"All natural enough; they are not only fighting for their country, but for their own!" I did not quite understand his answer, and so began to ask him some questions, to the effect that I soon began to understand a good deal more than he did.
Letter from Archbishop Stevan Palealogue, Head of the Eastern Church of the Blue Mountains, to the Lady Janet MacKelpie, Vissarion. Written July 9, 1907.
HONOURED LADY,
As you wish for an understanding regarding the late lamentable occurrence in which so much danger was incurred to this our Land of the Blue Mountains, and one dear to us, I send these words by request of the Gospodar Rupert, beloved of our mountaineers.
When the Voivode Peter Vissarion made his journey to the great nation to whom we looked in our hour of need, it was necessary that he should go in secret. The Turk was at our gates, and full of the malice of baffled greed. Already he had tried to arrange a marriage with the Voivodin, so that in time to come he, as her husband, might have established a claim to the inheritance of the land. Well he knew, as do all men, that the Blue Mountaineers owe allegiance to none that they themselves do not appoint to rulership. This has been the history in the past. But now and again an individual has arisen or come to the front adapted personally for such government as this land requires. And so the Lady Teuta, Voivodin of the Blue Mountains, was put for her proper guarding in the charge of myself as Head of the Eastern Church in the Land of the Blue Mountains, steps being taken in such wise that no capture of her could be effected by unscrupulous enemies of this our Land. This task and guardianship was gladly held as an honour by all concerned. For the Voivodin Teuta of Vissarion must be taken as representing in her own person the glory of the old Serb race, inasmuch as being the only child of the Voivode Vissarion, last male of his princely race--the race which ever, during the ten centuries of our history, unflinchingly gave life and all they held for the protection, safety, and well-being of the Land of the Blue Mountains.

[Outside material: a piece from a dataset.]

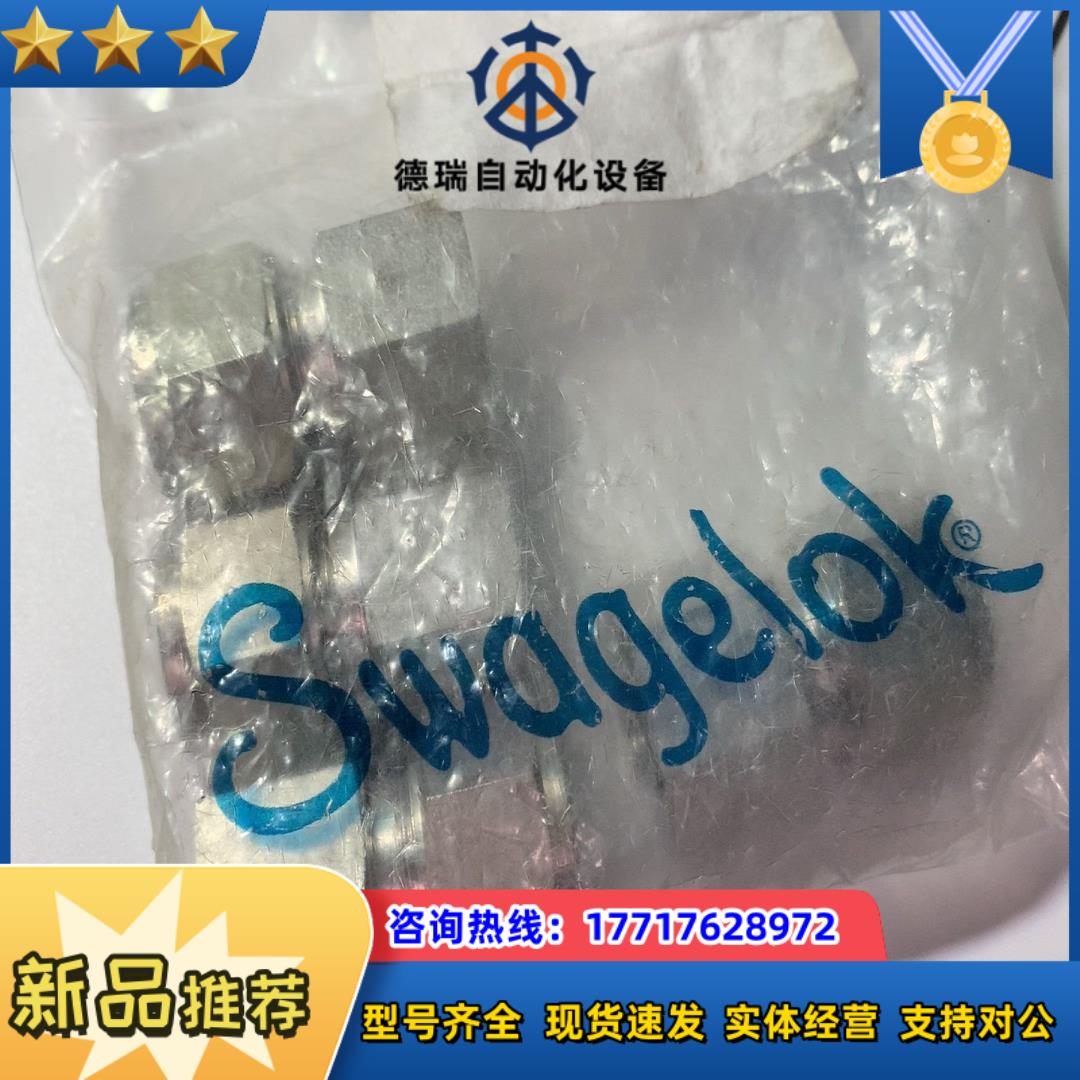 世伟洛克SS-12M0-7-4RT，不锈钢卡套管接头，内螺纹议价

Never during those centuries had any one of the race been known to fail in patriotism, or to draw back from any loss or hardship enjoined by high duty or stress of need. Moreover, this was the race of that first Voivode Vissarion, of whom, in legend, it was prophesied that he--once known as "The Sword of Freedom," a giant amongst men--would some day, when the nation had need of him, come forth from his water-tomb in the lost Lake of Reo, and lead once more the men of the Blue Mountains to lasting victory. This noble race, then, had come to be known as the last hope of the Land. So that when the Voivode was away on his country's service, his daughter should be closely guarded. Soon after the Voivode had gone, it was reported that he might be long delayed in his diplomacies, and also in studying the system of Constitutional Monarchy, for which it had been hoped to exchange our imperfect political system. I may say inter alia that he was mentioned as to be the first king when the new constitution should have been arranged.

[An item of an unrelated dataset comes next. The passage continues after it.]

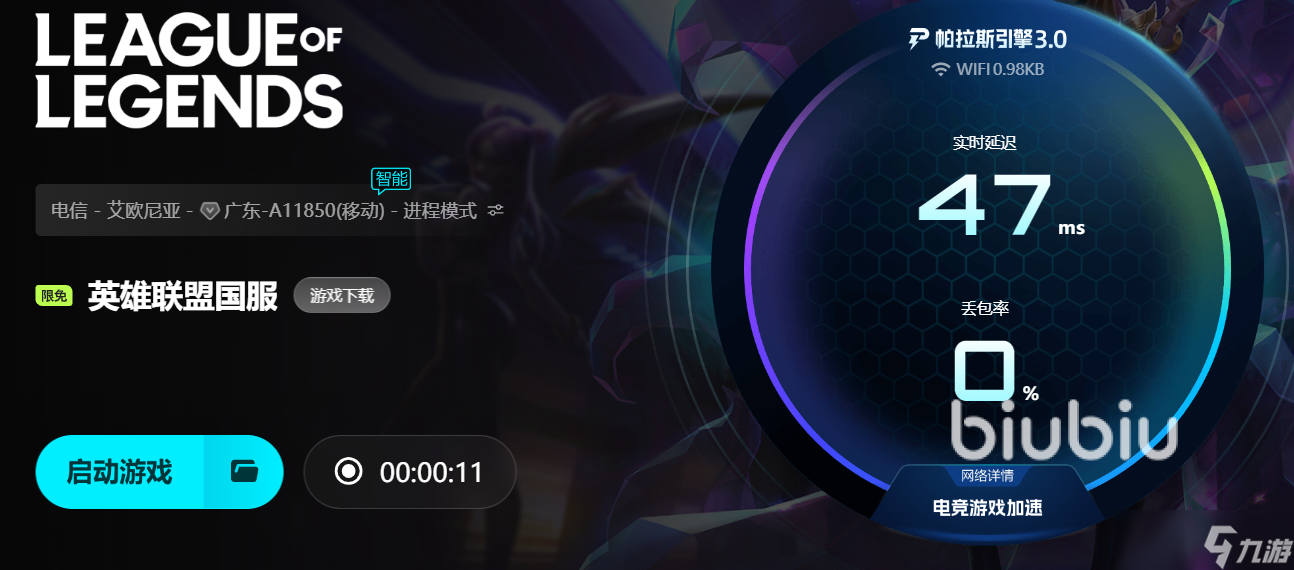 网速很快但是lol延迟很高怎么办 lol延迟高的解决方法分享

Then a great misfortune came on us; a terrible grief overshadowed the land. After a short illness, the Voivodin Teuta Vissarion died mysteriously of a mysterious ailment. The grief of the mountaineers was so great that it became necessary for the governing Council to warn them not to allow their sorrow to be seen. It was imperatively necessary that the fact of her death should be kept secret. For there were dangers and difficulties of several kinds. In the first place it was advisable that even her father should be kept in ignorance of his terrible loss. It was well known that he held her as the very core of his heart and that if he should hear of her death, he would be too much prostrated to be able to do the intricate and delicate work which he had undertaken. Nay, more: he would never remain afar off, under the sad circumstances, but would straightway return, so as to be in the land where she lay. Then suspicions would crop up, and the truth must shortly be known afield, with the inevitable result that the Land would become the very centre of a war of many nations.

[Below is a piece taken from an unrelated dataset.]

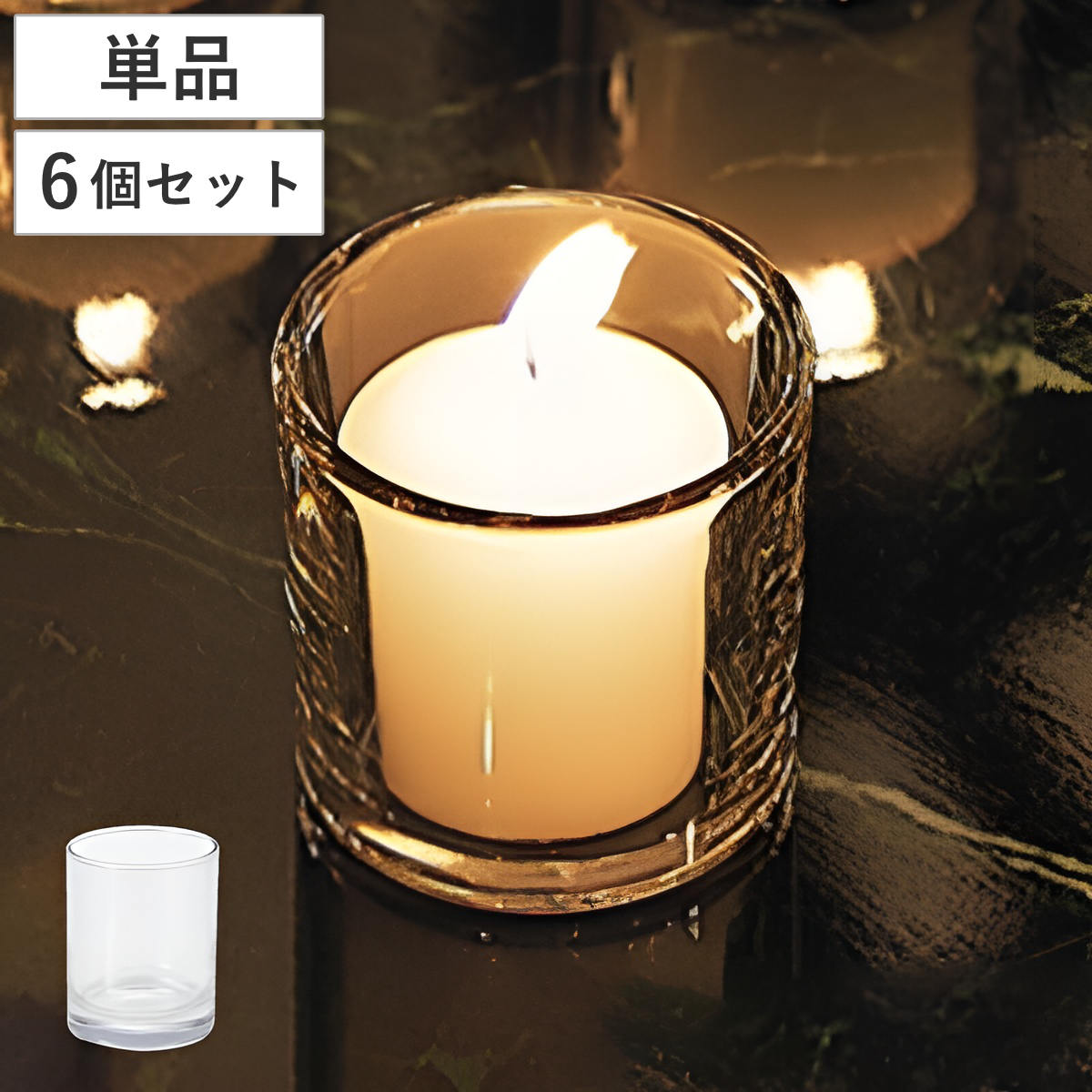 楽天市場】キャンドル クリアカップボーティブ 6H 24個入 （ ロウソク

In the second place, if the Turks were to know that the race of Vissarion was becoming extinct, this would encourage them to further aggression, which would become immediate should they find out that the Voivode was himself away. It was well known that they were already only suspending hostilities until a fitting opportunity should arise. Their desire for aggression had become acute after the refusal of the nation, and of the girl herself, that she should become a wife of the Sultan.
The dead girl had been buried in the Crypt of the church of St. Sava, and day after day and night after night, singly and in parties, the sorrowing mountaineers had come to pay devotion and reverence at her tomb. So many had wished to have a last glimpse of her face that the Vladika had, with my own consent as Archbishop, arranged for a glass cover to be put over the stone coffin wherein her body lay.